The tundra swan migrates long distances, in family groups, from the Arctic tundra to the Atlantic and Pacific coasts of the United States. This large, all-white bird uses a variety of large lakes and smaller wetlands, especially where submersed aquatic vegetation is plentiful. Sometimes this species is called the whistling swan after the sound of their wingbeats.
Breeding birds prefer areas with extensive wetlands and lakes with long shorelines. Tundra swans use a variety of large lakes and smaller wetlands, especially where submersed aquatic vegetation is plentiful. During fall and winter, flocks will also feed and loaf in agricultural fields.
Cold, treeless region in Arctic and Antarctic climates.

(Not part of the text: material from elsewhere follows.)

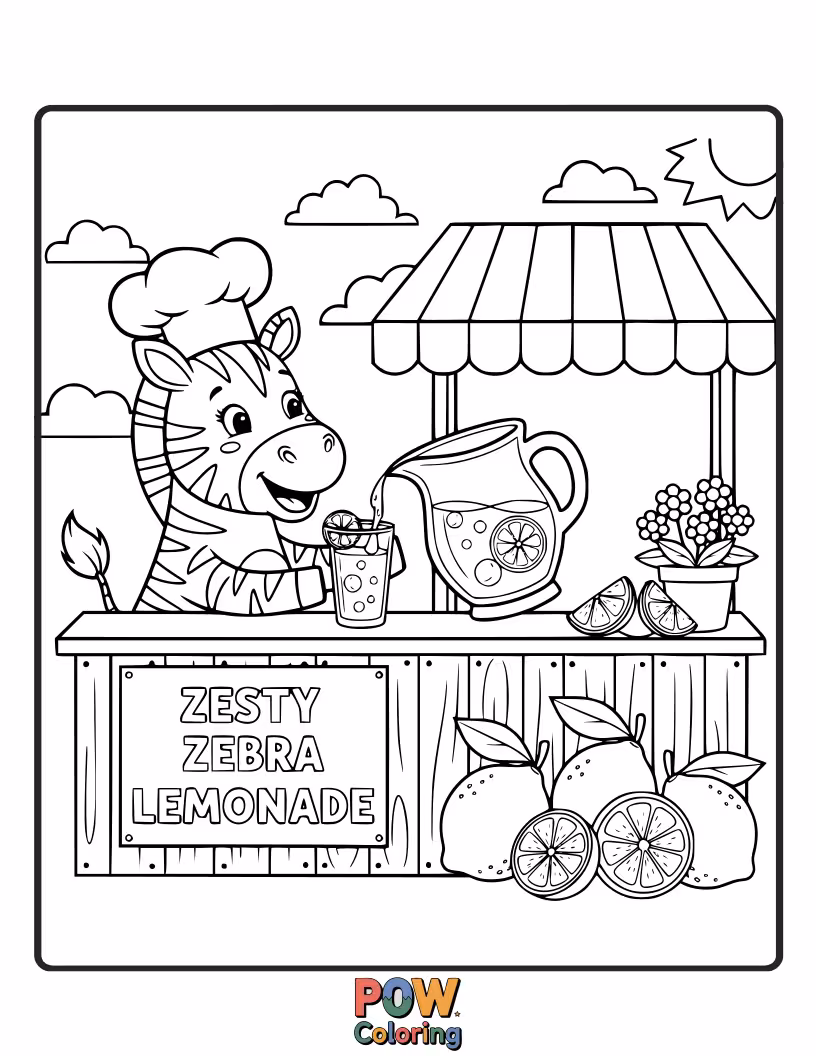 Free coloring page of A cheerful zebra squeezing lemons with a big smile, surrounded by refreshing glasses of lemonade and ice.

Tundra Swans are a very large waterfowl species. They have heavy bodies and long slim necks. This swan holds its neck straight up, unlike other swan species, and stretches it out long when in flight.
Length: 47.2 to 57.9 in (120 to 147 cm)
Wingspan: 66 in (168 cm)
High-pitched hoo-ho-hoo call that is most often heard from a migrating flock.
Tundra swans are entirely white plumage except for their bill. The bill is black, except for a yellow spot at the base. The legs and feet are black. Immature birds are grayish on their wings, as well as the head and neck.
The tundra swan weighs between 13 and 20 pounds (5.89 and 9.07 kg), with the males slightly larger than the females.
During the summer, tundra swans eat primarily roots, stems and leaves of aquatic vegetation, such as mannagrass, pondweeds and even algae. Feeding mainly in water they dabble or dip their head underwater. Their diet changes during migration and while on the wintering grounds. During those colder periods, look for tundra swans in fields gleaning corn, soybeans and rice left after the harvest. They also feed on growing winter crops, such as winter wheat, rye and barley.
Tundra swans, while seen in flocks during migration, separate in solitary pairs for breeding season. They mate for life, and pairs will fiercely defend their nesting territory.
Nests are usually constructed in close proximity to large bodies of water. Both the male and female build the nest. The nest consists of mounded vegetation made of a variety of plants, lichens and moss. The pair will continue to work on the nest through incubation, and with such effort put into the nest, they frequently use the nest for multiple seasons. The females will lay four to six eggs.